Industry | Public transportation |
---|---|
Fate | Defunct |
Successor | Metro Area Transit |
Founded | 1904 |
Defunct | 1971 |
Headquarters | Omaha and Council Bluffs |
Key people
|
Gurdon Wattles |
The Omaha Traction Company was a privately owned public transportation business in Omaha, Nebraska. Created in the early 1900s by wealthy Omaha banker Gurdon Wattles, the company was involved in a series of contentious disputes with organized labor.
Gurdon Wattles bought the Omaha and Council Bluffs Railway and Bridge Company, or O&CB along with several competing local lines and merged them into one unit called the Omaha Traction Company in the early 1900s. Wattles continued using the O&CB brand. In 1943 the company began training women as streetcar operators after many of its male drivers were called into military service during WW II. The women learned quickly and were paid the same wages as their male counterparts. The company disbanded with the creation of Metro Area Transit in the early 1970s.
The Amalgamated Association of Street and Electric Railway Employees attempted to unionize workers in Omaha Traction Company in the first decade of the 20th century with an organizer arriving in the city in 1902. That early effort faded within a year; however, Gurdon Wattles formed the Omaha Business Men's Association within the year to fight the prospect of losing the city's open shop status.
Wattles resisted any unionization within his businesses, as well as the city.
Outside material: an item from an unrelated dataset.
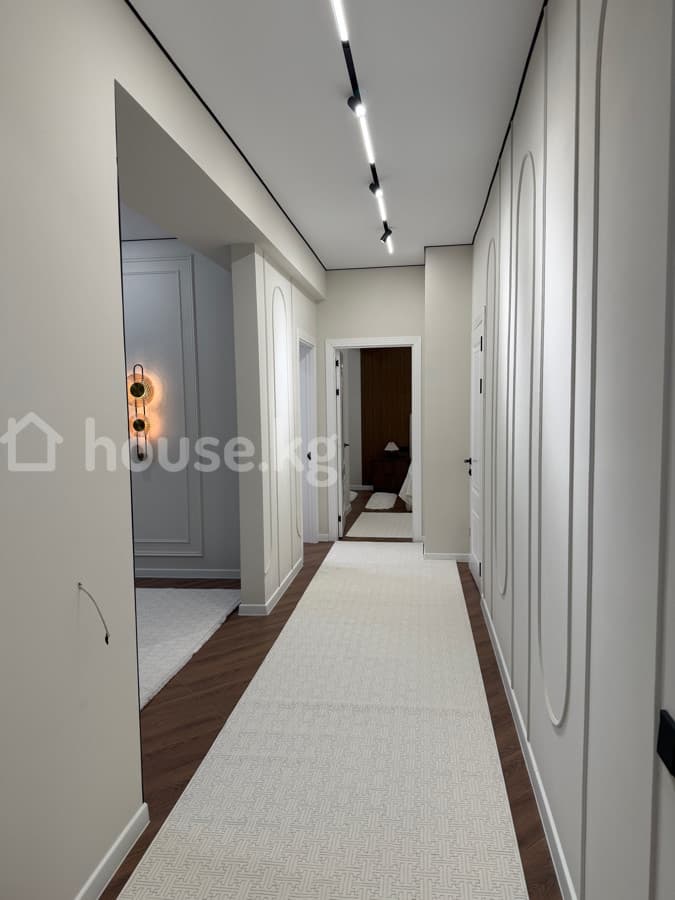 Элитка, 3 ком, 67 м2, этаж 11/14, Сост: Евроремонт - фото 4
When workers struck in early September 1909 he quickly hired strikebreakers from across the country to cross picket lines. He further provoked unionizers by publicly refusing arbitration in two of the city's business community's organs, the Omaha Bee and the Omaha Herald. Starting September 19, 1909 mobs rioted in the streets of downtown destroying streetcars, terrorizing company officials and attacking strikebreakers. Wattles kept the strikebreakers on, hiring others from Eastern United States cities to come in until the strikers agreed to his terms. Wattles later wrote a booklet about the events entitled A Crime Against Labor: A brief history of the Omaha and Council Bluffs Street Railway Strike, 1909. In the book he referred to the strikebreakers as, "a jolly lot of disreputables, always ready for a fight." The riots continued through September 23, 1909, eventually subsiding to the pressure of the strikebreakers.